2.2. Öğretmenlik Mesleği

Eğitim çocuk için yakın çevrede başlar. Yemeyi, içmeyi, anadilini ve çeşitli toplumsal kuralları henüz okul çağına gelmeden öğrenmeye başlayan çocuk için ilk öğretmenlerin, anne ve baba olduğu söylenebilir. Ancak anne-babanın ve yakın

çevrenin de etkisiyle oluşan eğitim, daha çok işin informal kısmını oluşturmaktadır.

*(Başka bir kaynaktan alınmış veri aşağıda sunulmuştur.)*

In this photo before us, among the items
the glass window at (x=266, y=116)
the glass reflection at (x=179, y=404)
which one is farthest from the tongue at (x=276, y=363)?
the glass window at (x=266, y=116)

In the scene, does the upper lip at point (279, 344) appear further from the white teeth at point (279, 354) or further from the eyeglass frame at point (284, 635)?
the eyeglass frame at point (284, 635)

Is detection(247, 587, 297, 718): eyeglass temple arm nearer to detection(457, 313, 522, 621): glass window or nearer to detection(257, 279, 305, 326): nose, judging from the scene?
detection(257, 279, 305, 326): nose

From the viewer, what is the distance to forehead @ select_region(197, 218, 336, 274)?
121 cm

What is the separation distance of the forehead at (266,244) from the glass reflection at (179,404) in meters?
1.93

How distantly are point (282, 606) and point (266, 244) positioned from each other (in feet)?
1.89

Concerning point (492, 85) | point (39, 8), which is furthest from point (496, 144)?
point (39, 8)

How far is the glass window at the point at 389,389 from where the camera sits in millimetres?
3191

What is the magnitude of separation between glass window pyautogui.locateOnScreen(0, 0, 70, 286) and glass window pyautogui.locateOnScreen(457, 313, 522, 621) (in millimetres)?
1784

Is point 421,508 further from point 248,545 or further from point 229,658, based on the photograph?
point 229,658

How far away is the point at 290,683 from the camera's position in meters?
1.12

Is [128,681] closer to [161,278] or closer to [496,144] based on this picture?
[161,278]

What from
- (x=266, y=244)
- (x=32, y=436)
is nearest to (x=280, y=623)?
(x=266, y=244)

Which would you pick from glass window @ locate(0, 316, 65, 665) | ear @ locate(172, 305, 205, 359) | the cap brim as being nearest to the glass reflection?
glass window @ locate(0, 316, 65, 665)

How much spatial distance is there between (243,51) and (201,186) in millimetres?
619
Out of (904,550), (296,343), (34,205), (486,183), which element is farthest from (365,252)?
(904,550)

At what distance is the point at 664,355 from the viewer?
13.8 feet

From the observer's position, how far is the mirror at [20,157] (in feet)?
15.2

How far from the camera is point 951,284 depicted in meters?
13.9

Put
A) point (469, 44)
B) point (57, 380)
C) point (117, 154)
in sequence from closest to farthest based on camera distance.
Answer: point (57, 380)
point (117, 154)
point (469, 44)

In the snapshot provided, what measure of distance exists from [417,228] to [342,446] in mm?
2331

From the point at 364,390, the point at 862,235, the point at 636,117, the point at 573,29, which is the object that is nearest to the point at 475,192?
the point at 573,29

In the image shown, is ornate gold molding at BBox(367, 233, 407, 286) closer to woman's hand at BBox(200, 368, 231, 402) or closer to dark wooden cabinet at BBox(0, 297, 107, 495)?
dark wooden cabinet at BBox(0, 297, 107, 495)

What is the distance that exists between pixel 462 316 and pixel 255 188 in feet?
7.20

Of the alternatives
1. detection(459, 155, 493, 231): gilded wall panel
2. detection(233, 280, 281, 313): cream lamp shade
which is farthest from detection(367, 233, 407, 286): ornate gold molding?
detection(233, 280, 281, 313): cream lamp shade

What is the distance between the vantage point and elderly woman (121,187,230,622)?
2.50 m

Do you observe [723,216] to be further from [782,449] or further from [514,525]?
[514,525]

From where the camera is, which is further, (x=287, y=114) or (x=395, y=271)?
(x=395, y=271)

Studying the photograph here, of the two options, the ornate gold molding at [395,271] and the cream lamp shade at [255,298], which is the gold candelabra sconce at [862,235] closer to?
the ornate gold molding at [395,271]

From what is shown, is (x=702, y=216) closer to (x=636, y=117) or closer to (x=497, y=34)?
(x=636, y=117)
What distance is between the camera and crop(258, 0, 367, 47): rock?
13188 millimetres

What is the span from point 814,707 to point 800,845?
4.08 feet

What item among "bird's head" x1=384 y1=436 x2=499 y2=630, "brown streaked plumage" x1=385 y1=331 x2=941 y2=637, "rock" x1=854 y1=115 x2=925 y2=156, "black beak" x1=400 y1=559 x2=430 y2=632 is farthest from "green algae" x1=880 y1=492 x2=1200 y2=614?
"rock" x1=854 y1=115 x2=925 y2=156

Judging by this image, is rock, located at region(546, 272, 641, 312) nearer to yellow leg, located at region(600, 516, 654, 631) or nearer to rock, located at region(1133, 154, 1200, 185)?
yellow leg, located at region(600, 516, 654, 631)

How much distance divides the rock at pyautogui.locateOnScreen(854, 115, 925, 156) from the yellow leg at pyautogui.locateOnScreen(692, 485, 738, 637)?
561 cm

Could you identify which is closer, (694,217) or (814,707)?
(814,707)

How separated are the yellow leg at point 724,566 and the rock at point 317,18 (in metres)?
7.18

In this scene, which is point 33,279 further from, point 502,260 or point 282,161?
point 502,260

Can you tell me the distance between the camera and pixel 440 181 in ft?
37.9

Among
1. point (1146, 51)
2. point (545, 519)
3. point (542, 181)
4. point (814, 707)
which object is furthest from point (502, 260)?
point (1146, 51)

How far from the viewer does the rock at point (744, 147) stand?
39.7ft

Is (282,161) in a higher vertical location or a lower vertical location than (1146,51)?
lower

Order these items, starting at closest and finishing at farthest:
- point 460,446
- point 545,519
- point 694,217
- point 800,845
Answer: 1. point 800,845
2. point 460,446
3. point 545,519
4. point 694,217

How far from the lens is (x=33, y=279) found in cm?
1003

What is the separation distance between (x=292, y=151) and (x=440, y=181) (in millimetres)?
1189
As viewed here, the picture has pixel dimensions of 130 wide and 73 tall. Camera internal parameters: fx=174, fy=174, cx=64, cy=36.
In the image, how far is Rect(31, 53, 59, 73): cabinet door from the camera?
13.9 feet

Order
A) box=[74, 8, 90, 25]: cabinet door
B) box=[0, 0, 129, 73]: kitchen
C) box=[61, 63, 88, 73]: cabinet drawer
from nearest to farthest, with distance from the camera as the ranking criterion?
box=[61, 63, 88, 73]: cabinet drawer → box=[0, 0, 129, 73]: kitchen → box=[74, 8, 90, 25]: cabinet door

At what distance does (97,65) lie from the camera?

Çocuğun gerçek anlamda (formal) eğitim alabilmesi için öğretme ve eğitme işinin eğitimini almış aynı zamanda alanında uzmanlaşmış eğitimciler olan öğretmenlere ihtiyaç vardır.

Başaran’a (1994) göre eğitim kurumunun öğretme-öğrenme ilişkisi içinde doğal olarak oluşmuş ilk eğitim mesleği öğretmenliktir. Başlangıçta doğal bir toplumsal ilişki biçimi olan öğrenme-öğretme eyleminin toplumsal örgütlenme sürecinde okul şeklinde kurumsallaşması kaçınılmaz olarak öğretmenlik mesleğinin de ortaya çıkmasını sağlamıştır.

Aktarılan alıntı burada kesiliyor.